Detailed records were kept of the voyage of the Lady Juliana and Charles Bateson's book, The convict ships 1797-1868, and Sian Rees book,  The floating brothel: the extraordinary true story of an eighteenth century ship and its cargo of female convicts, are recommended reading. The ship travelled to New South Wales via Teneriffe, Cape Verde Islands, Rio de Janeiro and Cape Town arriving at Port Jackson 6 June 1790. Only five convicts died during the trip. Bateson suggests that this was because
  • the women were issued with sufficient rations
  • the ship was kept clean and fumigated throughout the voyage
  • the women had free access to the deck instead of being confined below deck
  • long stays at ports visited with access to fresh provisions (3)
During the voyage the women had a daily routine which included cleaning the ship and cooking. Some of the women also sewed shirts to be sold when they arrived at the colony.

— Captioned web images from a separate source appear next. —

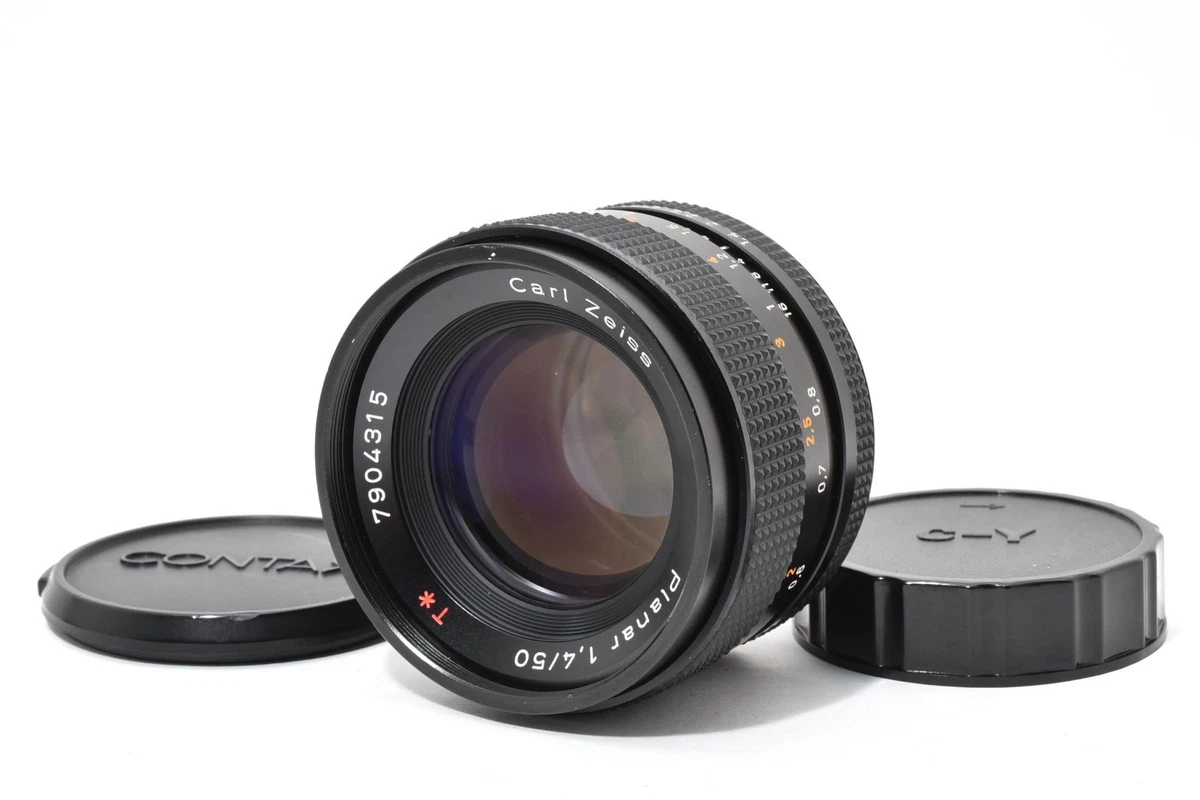 Contax ZEISS Planar T* Standard f/1.4 Camera Lenses for sale | eBay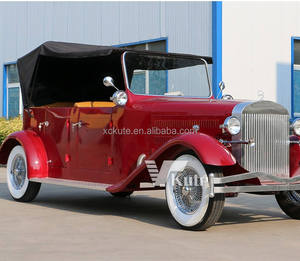 Voiture classique de luxe à essence pour adultes, 6 places, style vintage, pour visites touristiques, voiture électrique vintage pour adultes, fabriquée en Chine - Product Image 5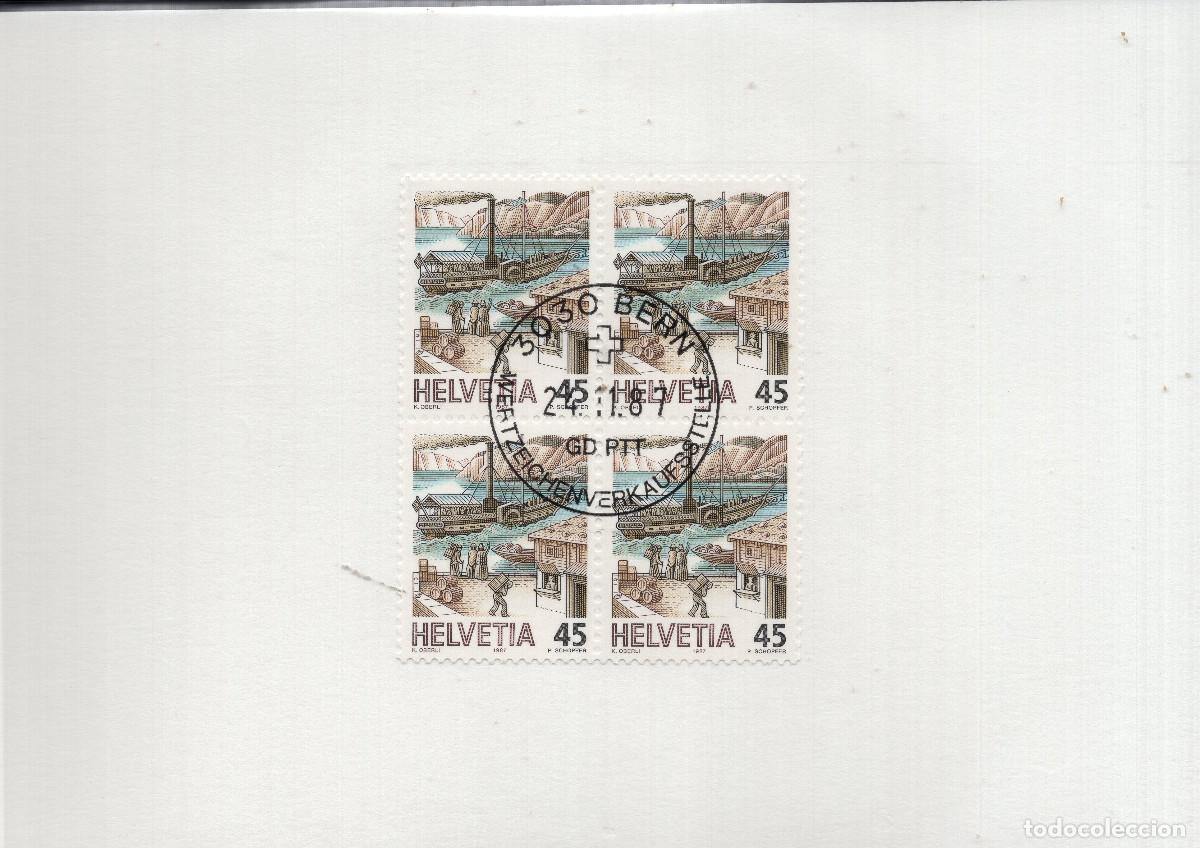 Sellos: SUIZA 1987 STAMP MICHEL CH 1342a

Michael Flynn's book, The Second Fleet: Britain's grim amarda of 1790 also provides information about the journey of the ships including the Lady Juliana. Flynn also includes biographies of the convicts. 

It was winter when the Lady Juliana arrived at Sydney Cove. Two and a half years after the establishment of the new settlement supplies in the colony were low and rations had been reduced. Attempts to grow crops were not as successful as had been hoped. New supplies were needed for the survival of the colony so when a ship carrying additional convicts and only limited supplies arrived it was not greeted with great enthusiasm.

This is illustrated by the reaction of Captain David Collins to the new arrivals:

... in the distressed situation of the colony, it was not a little mortifying to find on board the first ship that arrived, a cargo so unnecessary and unprofitable as two hundred and twenty-two females, instead of a cargo of provisions ... (4)

This was not an encouraging welcome for the women after their long journey and there were more convict ships to come. Fortunately the store ship, Justinian, also arrived.